Operation	Pandas	Polars
Unique values	`df["col"].unique()`	`df["col"].unique()`
Value counts	`df["col"].value_counts()`	`df["col"].value_counts()`
Describe	`df.describe()`	`df.describe()`
Sample	`df.sample(n=100)`	`df.sample(n=100)`
Head	`df.head()`	`df.head()`
Tail	`df.tail()`	`df.tail()`

Common Migration Patterns

Pattern 1: Chained Operations

Pandas:

result = (df
    .assign(new_col=lambda x: x["old_col"] * 2)
    .query("new_col > 10")
    .groupby("category")
    .agg({"value": "sum"})
    .reset_index()
)

Polars:

result = (df
    .with_columns(new_col=pl.col("old_col") * 2)
    .filter(pl.col("new_col") > 10)
    .group_by("category")
    .agg(pl.col("value").sum())
)
# No reset_index needed - Polars doesn't have index

Pattern 2: Apply Functions

Pandas:

# Avoid in Polars - breaks parallelization
df["result"] = df["value"].apply(lambda x: x * 2)

Polars:

# Use expressions instead
df = df.with_columns(result=pl.col("value") * 2)

# If custom function needed
df = df.with_columns(
    result=pl.col("value").map_elements(lambda x: x * 2, return_dtype=pl.Float64)
)

Pattern 3: Conditional Column Creation

Pandas:

df["category"] = np.where(
    df["value"] > 100,
    "high",
    np.where(df["value"] > 50, "medium", "low")
)

Polars:

df = df.with_columns(
    category=pl.when(pl.col("value") > 100)
        .then(pl.lit("high"))
        .when(pl.col("value") > 50)
        .then(pl.lit("medium"))
        .otherwise(pl.lit("low"))
)

Pattern 4: Group Transform

Pandas:

df["group_mean"] = df.groupby("category")["value"].transform("mean")

Polars:

df = df.with_columns(
    group_mean=pl.col("value").mean().over("category")
)

Pattern 5: Multiple Aggregations

Pandas:

result = df.groupby("category").agg({
    "value": ["mean", "sum", "count"],
    "price": ["min", "max"]
})

Polars:

result = df.group_by("category").agg(
    pl.col("value").mean().alias("value_mean"),
    pl.col("value").sum().alias("value_sum"),
    pl.col("value").count().alias("value_count"),
    pl.col("price").min().alias("price_min"),
    pl.col("price").max().alias("price_max")
)

Performance Anti-Patterns to Avoid

Anti-Pattern 1: Sequential Pipe Operations

Bad (disables parallelization):

df = df.pipe(function1).pipe(function2).pipe(function3)

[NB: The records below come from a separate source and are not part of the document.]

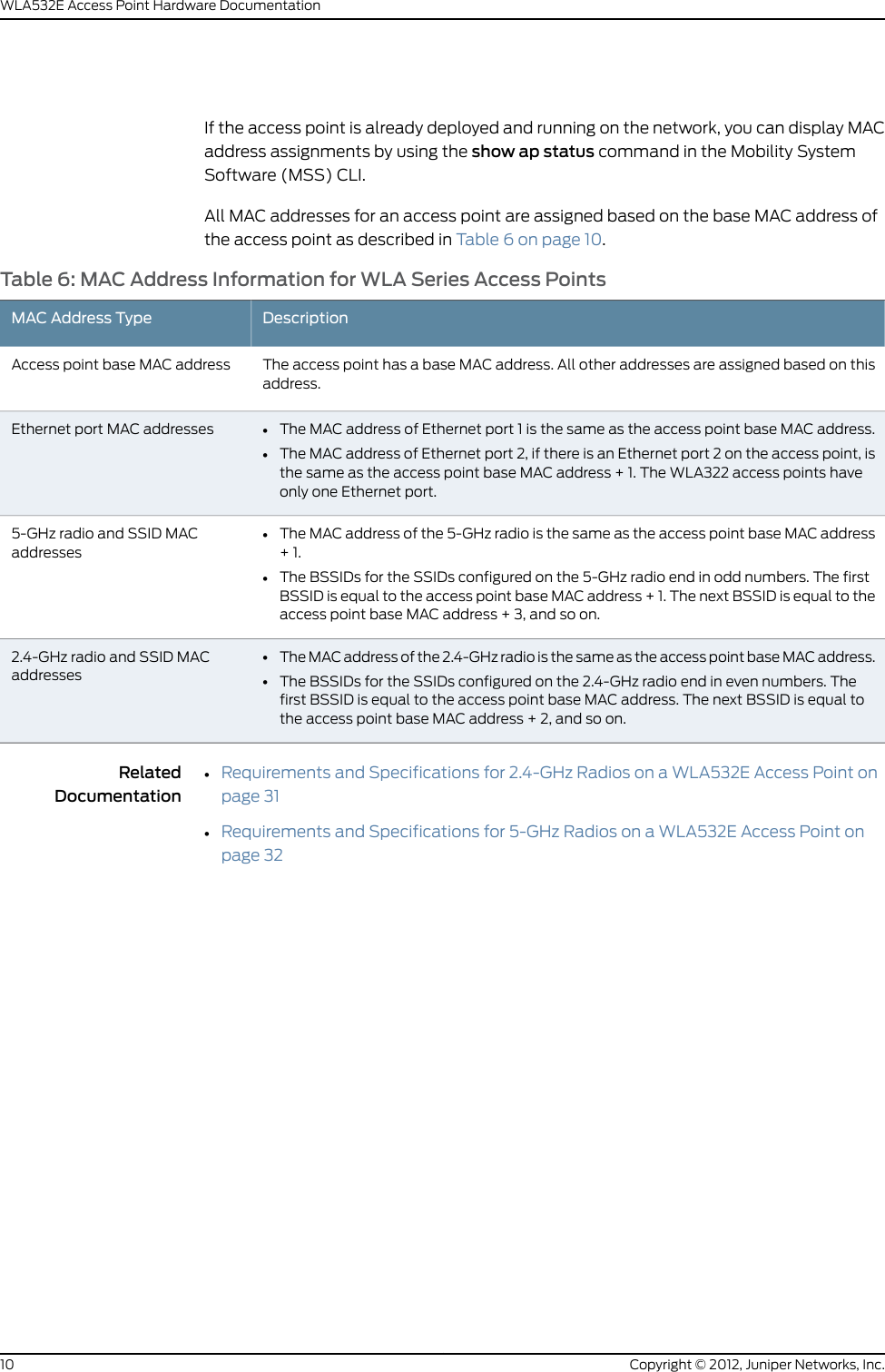 If the access point is already deployed and running on the network, you can display MACaddress assignments by using the show ap status command in the Mobility SystemSoftware (MSS) CLI.All MAC addresses for an access point are assigned based on the base MAC address ofthe access point as described in Table 6 on page 10.Table 6: MAC Address Information for WLA Series Access PointsDescriptionMAC Address TypeThe access point has a base MAC address. All other addresses are assigned based on thisaddress.Access point base MAC address•The MAC address of Ethernet port 1 is the same as the access point base MAC address.•The MAC address of Ethernet port 2, if there is an Ethernet port 2 on the access point, isthe same as the access point base MAC address + 1. The WLA322 access points haveonly one Ethernet port.Ethernet port MAC addresses•The MAC address of the 5-GHz radio is the same as the access point base MAC address+ 1.•The BSSIDs for the SSIDs configured on the 5-GHz radio end in odd numbers. The firstBSSID is equal to the access point base MAC address + 1. The next BSSID is equal to theaccess point base MAC address + 3, and so on.5-GHz radio and SSID MACaddresses•The MAC address of the 2.4-GHz radio is the same as the access point base MAC address.•The BSSIDs for the SSIDs configured on the 2.4-GHz radio end in even numbers. Thefirst BSSID is equal to the access point base MAC address. The next BSSID is equal tothe access point base MAC address + 2, and so on.2.4-GHz radio and SSID MACaddressesRelatedDocumentation•Requirements and Specifications for 2.4-GHz Radios on a WLA532E Access Point onpage 31•Requirements and Specifications for 5-GHz Radios on a WLA532E Access Point onpage 32Copyright © 2012, Juniper Networks, Inc.10WLA532E Access Point Hardware Documentation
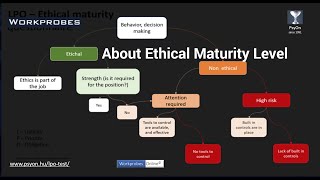 About Ethical Maturity Level  - PsyOn - Psychology at work - Workprobes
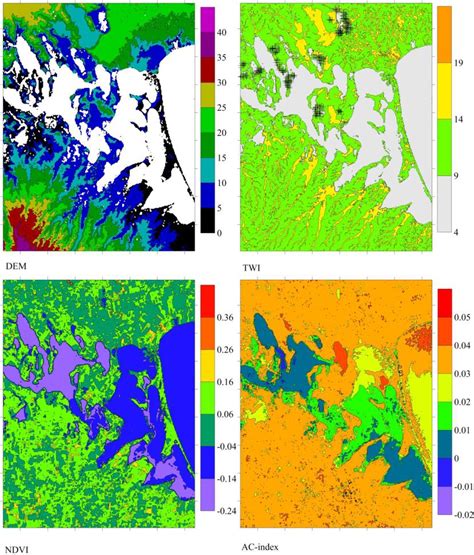 Spatial Analysis Variography 的图像结果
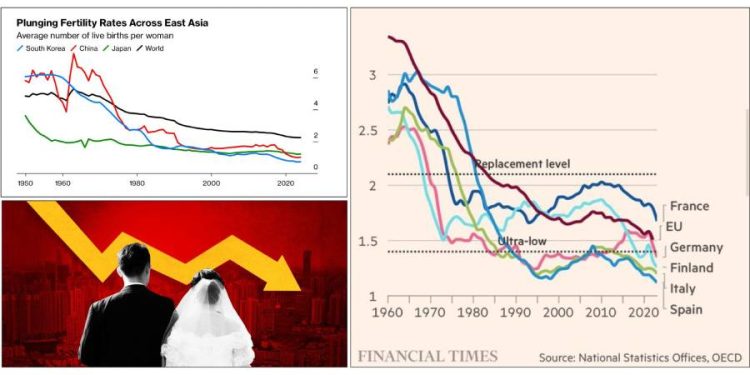 El futuro demográfico y laboral: ¿qué nos dice China sobre nuestro propio destino?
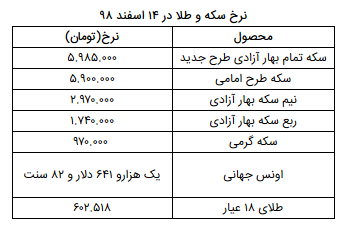 نرخ سکه و طلا در ۱۴ اسفند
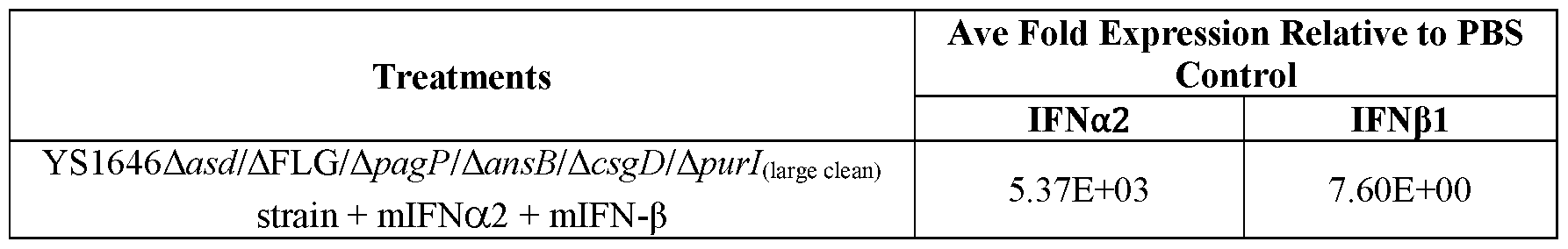 Figure imgf000422_0001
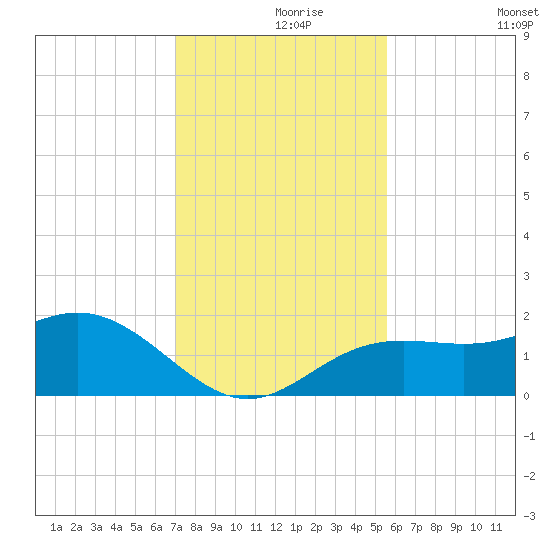 Skyway tide chart for Wednesday, November 26, 2025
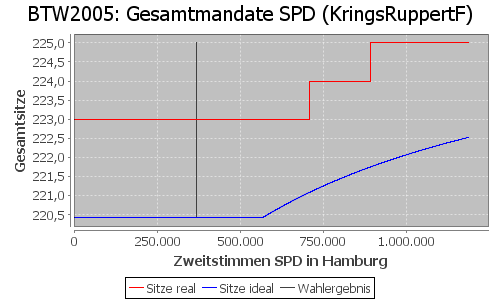 Simulierte Sitzverteilung - Wahl: BTW2005 Verfahren: KringsRuppertF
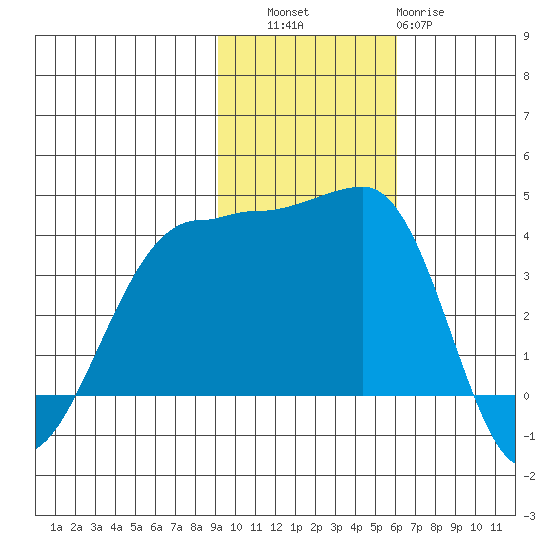 St. Catherine Cove tide chart for Thursday, November 6, 2025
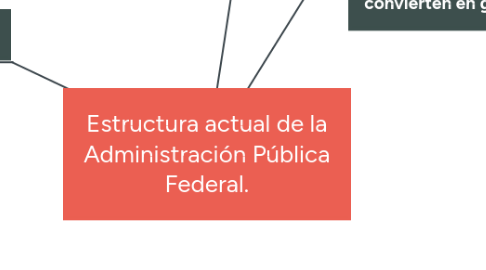 Mind Map: Estructura actual de la Administración Pública Federal.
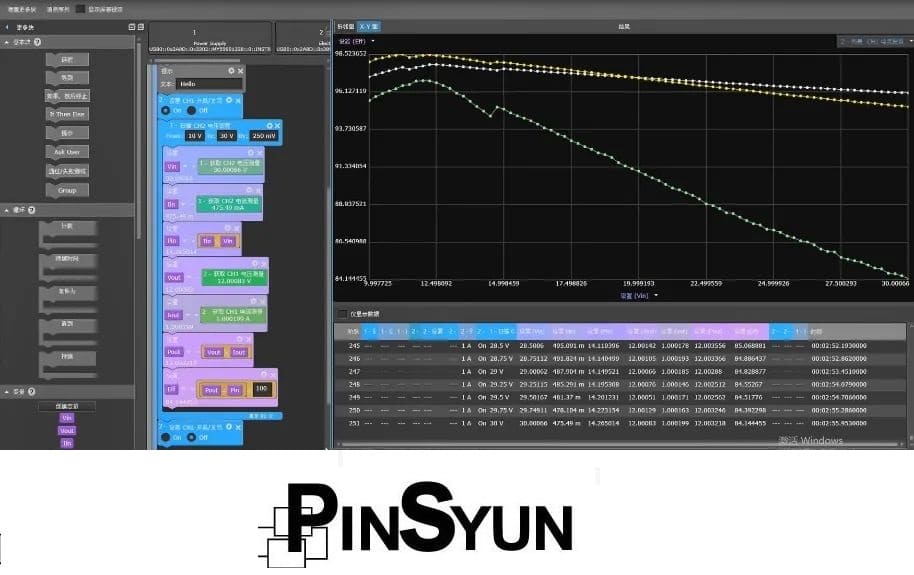 Keysight EL30000電子負載_Test Flow自動化測試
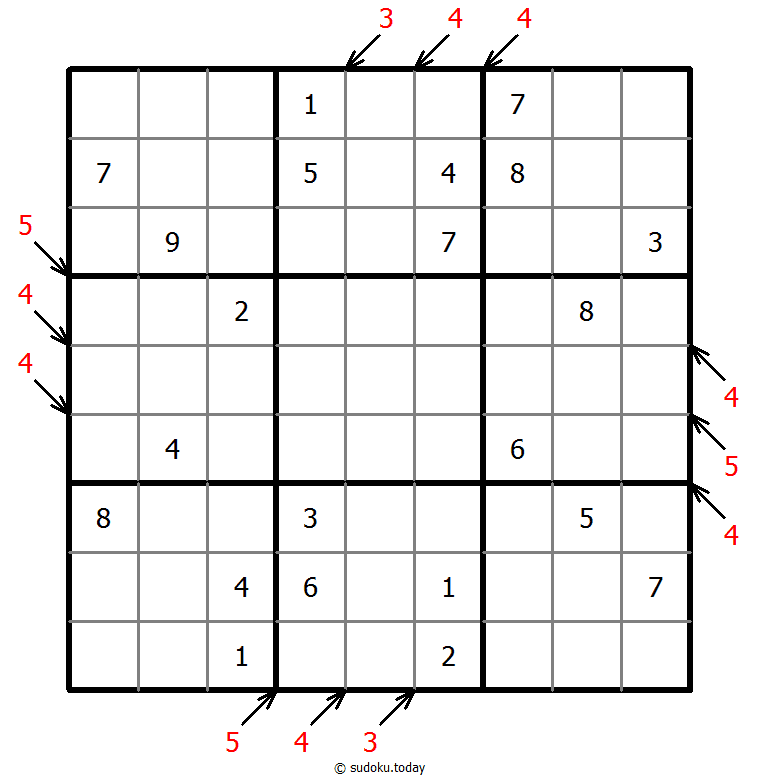 Count different Sudoku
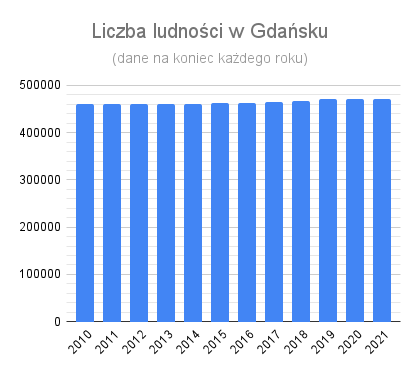 Zmiany w liczbie mieszkańców Gdańska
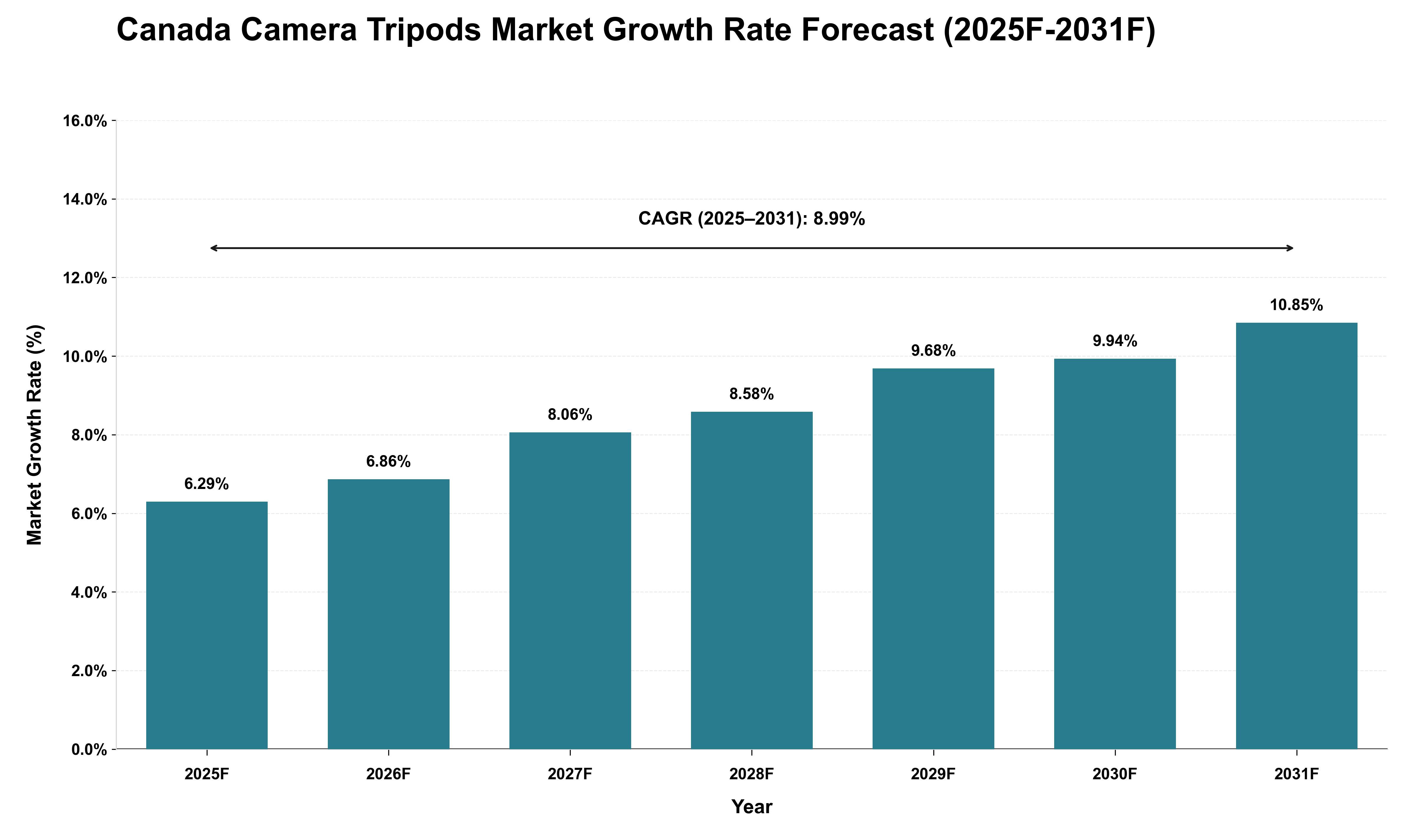 Canada Camera Tripods Market Growth Rate Analysis (2025 - 2031)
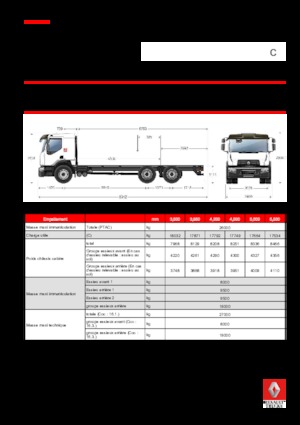 Bakwagen Renault C CAB2300 320 6X4 R E6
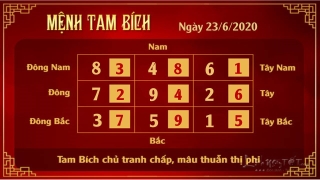 Xem phong thuy hang ngay - Xem phong thuy ngay 23062020 - Tam Bich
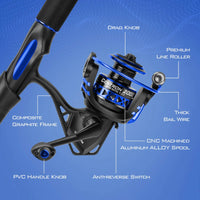 Centron Spinning Fishing Rod and Reel Combo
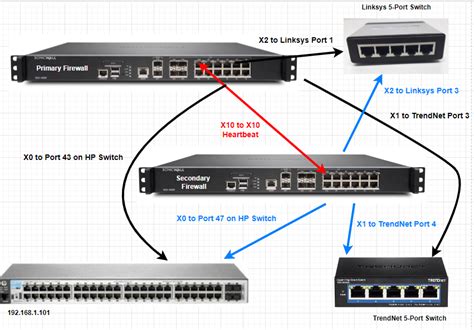 How to combine two Internet connection into one switch with VLAN - Network Engineering Stack ...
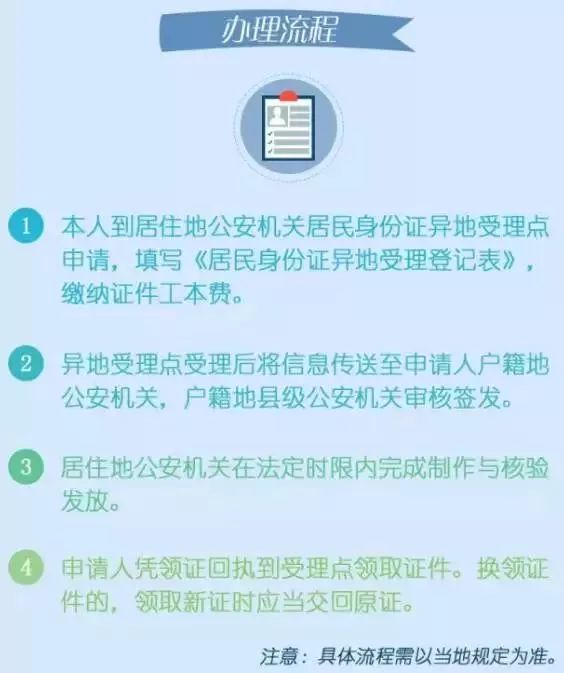 本省异地医保怎么出院？详细流程攻略来啦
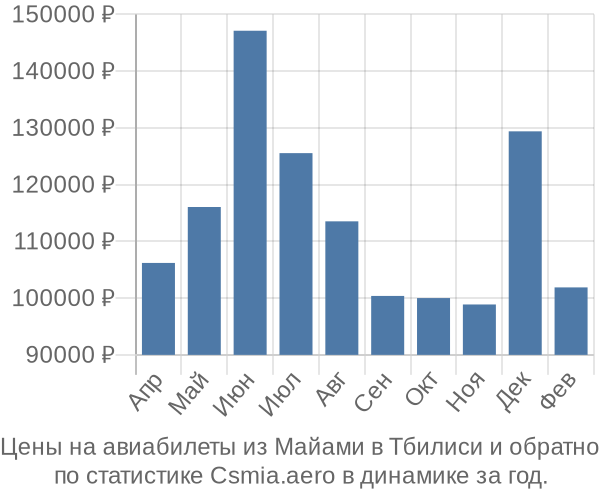 Авиабилеты из Майами в Тбилиси цены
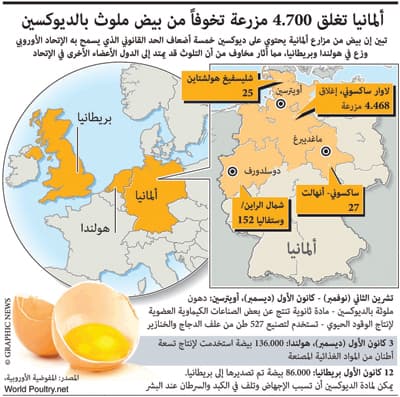 اكتشاف نسب عالية من «الديوكسين السام» في لحوم دواجن ألمانيا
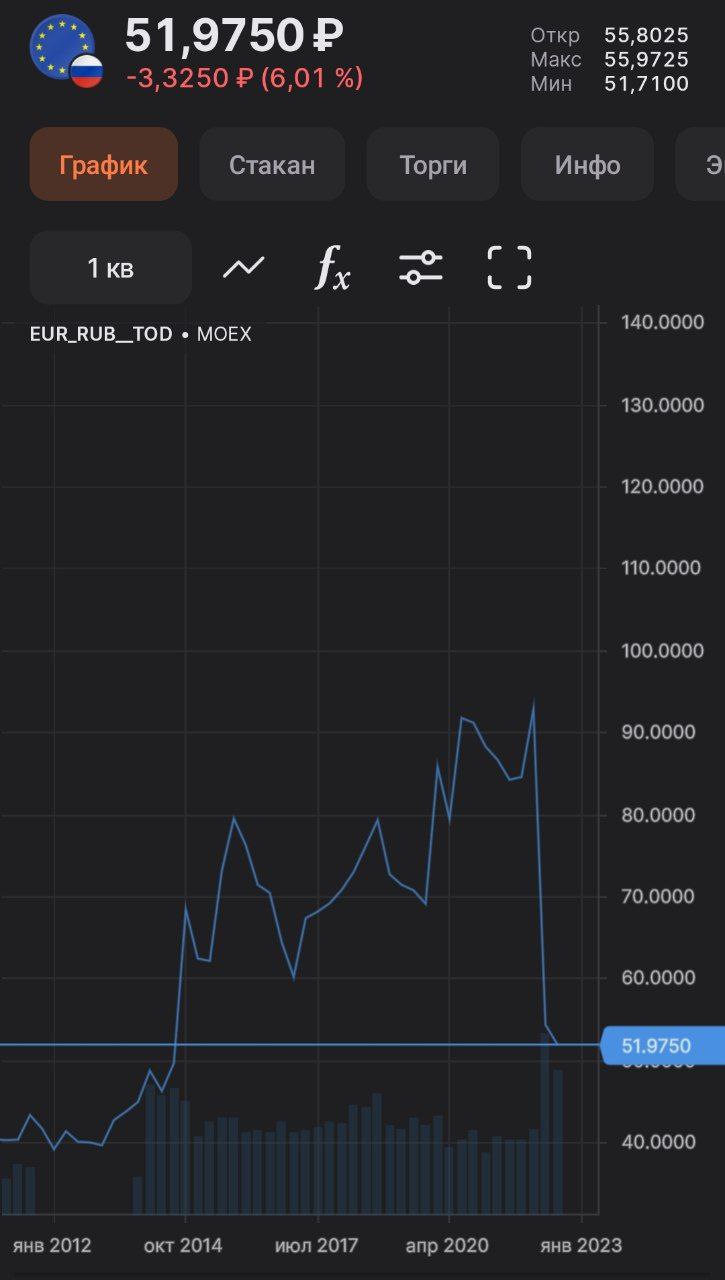 Евро ниже 52 рублей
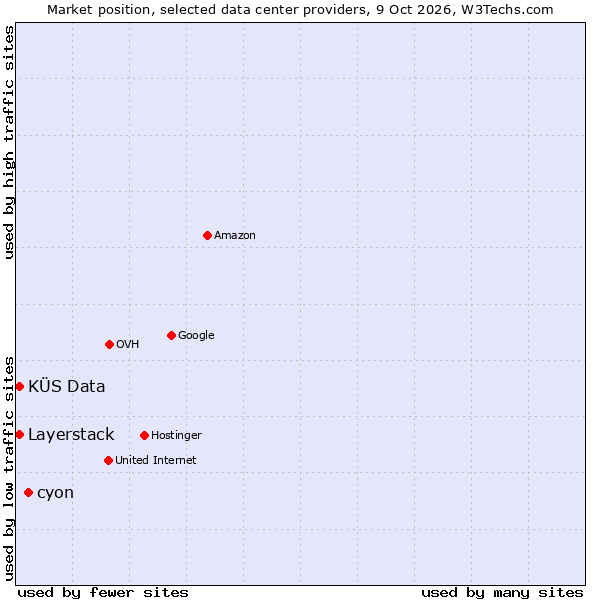 Market position of cyon vs. KÜS Data vs. Layerstack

Good (enables parallelization):

df = df.with_columns(
    function1_result(),
    function2_result(),
    function3_result()
)

Anti-Pattern 2: Python Functions in Hot Paths

Bad:

df = df.with_columns(
    result=pl.col("value").map_elements(lambda x: x * 2)
)

Good:

df = df.with_columns(result=pl.col("value") * 2)

Anti-Pattern 3: Using Eager Reading for Large Files

Bad:

df = pl.read_csv("large_file.csv")
result = df.filter(pl.col("age") > 25).select("name", "age")

Good:

lf = pl.scan_csv("large_file.csv")
result = lf.filter(pl.col("age") > 25).select("name", "age").collect()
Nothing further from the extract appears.